Wikimedia engineering moving from Subversion to Git

Hello, MediaWiki developers and users! You may already be aware of this: our community is embarking on a journey to leave Subversion behind and migrate to Git for our source code repositories, starting on March 3rd (update as of February 29th: moved to March 21st). This is not an easy task. Here I’ll outline our rationale for this move, as well as our planned process.

What is Git?

Git is a distributed version control system originally developed by Linus Torvalds and others to manage the Linux kernel. In the past couple of years, it has taken off as a very robust and well-supported code repository. “Distributed” means that there is no central copy of the repository. With Subversion, Wikimedia’s servers host the repository and users commit their changes to it. In contrast, with Git, once you’ve cloned the repository, you have a fully functioning copy of the source code, with all the branches and tagged releases at your disposal.

Why switch?

Three major reasons:

To encourage participation: Since Git is distributed, it allows people to contribute with a much lower barrier to entry. Anyone will be able to clone the repository and make their own changes to keep track of them. And if you’ve got an account in our code review tool (Gerrit), you’ll be able to push changes for the wider community to review.

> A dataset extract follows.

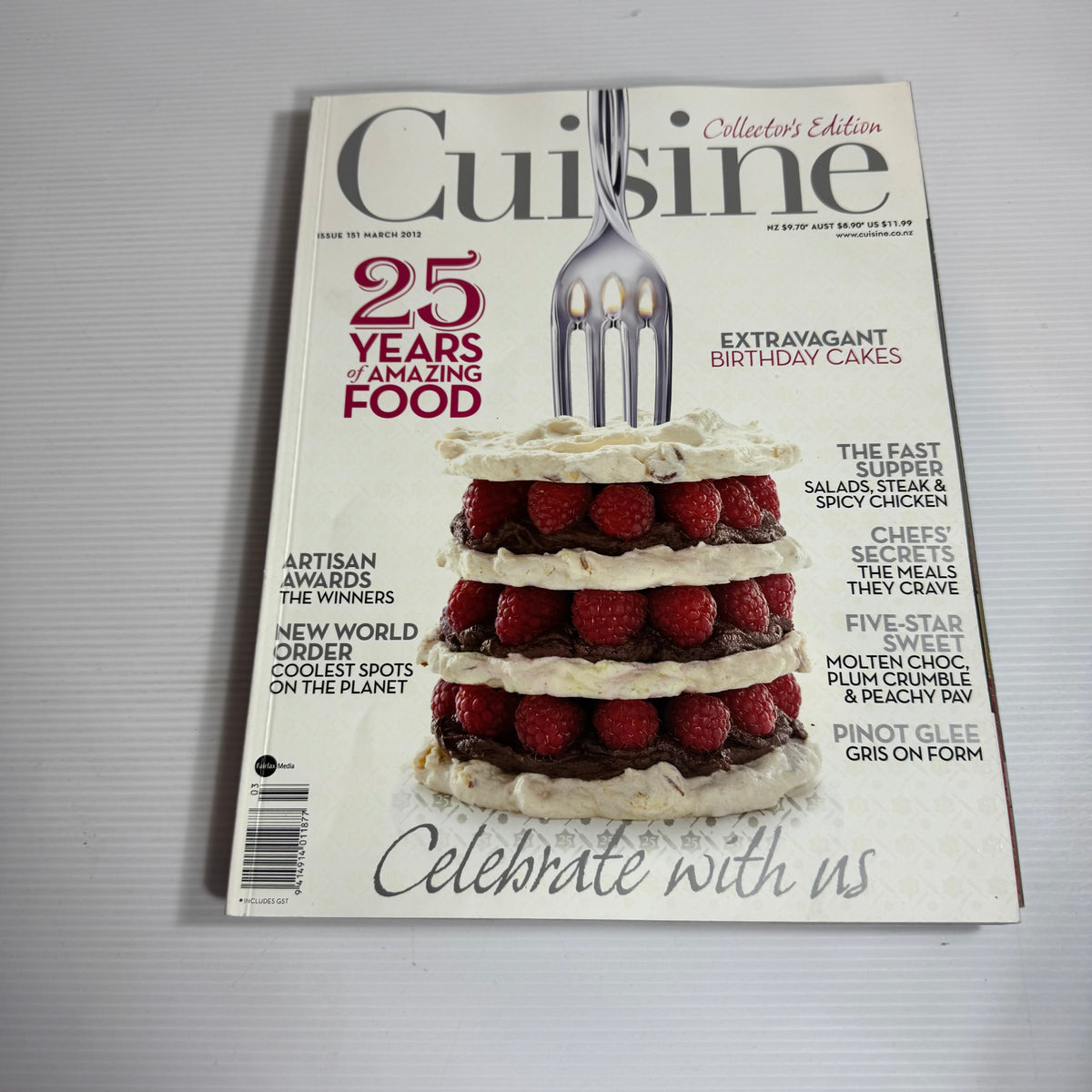 Cuisine Magazine Bundle x 6 : 2012 Issues 150, 151, 152, 153, 154, 155 (3339)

To fix our technical process: Subversion has technical flaws that make life difficult for developers. Notably, the implementation of branching is not very easy to use, and makes it hard to use “feature branches”. Our community is very distributed, with many parallel efforts and needs to integrate many different feature efforts, so we’d like to use feature branches more. Git branches are very easy to work with and merge between, which should make things easier for our development community.  (Several other large projects, such as Drupal and PostgreSQL, have made the same switch for similar reasons, and we’ve done our best to learn from their experiences.)

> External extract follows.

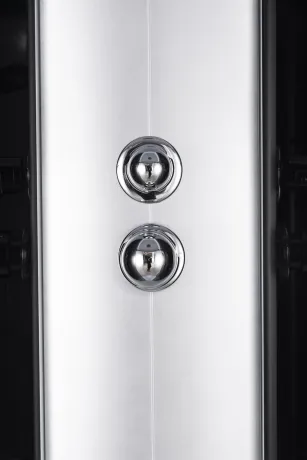 Бокс душовий без гідромасажу Mixxus STRONG SB02-90x90x215-FB SATIN з низьким піддоном (MI6886) — Photo 7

Some quotes from our community:

“I love git just because it allows me to commit locally (and offline).” – Guillaume Paumier

“[Y]ou can create commits locally and push them to the server later (great for working without wifi), you can tell it ‘save my work so I can go do something else now’ in one command, and it’ll allow us to review changes before they go into “trunk” (master)…. without human intervention in merging things into trunk. Gerrit automates this process.” – Roan Kattouw

And finally, to get improvements to users faster: with better branching and a more granular code review workflow that suits our needs better, plus our ongoing improvements to our automated testing infrastructure, we won’t have to wait months before deploying already-written features and bugfixes to Wikimedia sites.

We had years of discussion before we finally decided to switch, but now we can look forward to more flexibility and power in our engineering processes.

What are we doing?

We’ve now done almost all the back-end work of preparing our repository for the move and are in the final steps of preparation (details). We’ve also written explanations of the new workflow, the migration schedule, issues yet to be addressed, and other related topics. Right now, we’re asking people to stop creating any new extensions in Subversion right now, and to watch the wikitech-l mailing list for more updates.

What are the next steps?

Over the next two and a half weeks, the Git repository that contains MediaWiki core and extensions will be brought in step with Subversion, and at first it will be read-only (no one will be able to push changes). This will allow developers to start cloning it to their local machines and getting used to things.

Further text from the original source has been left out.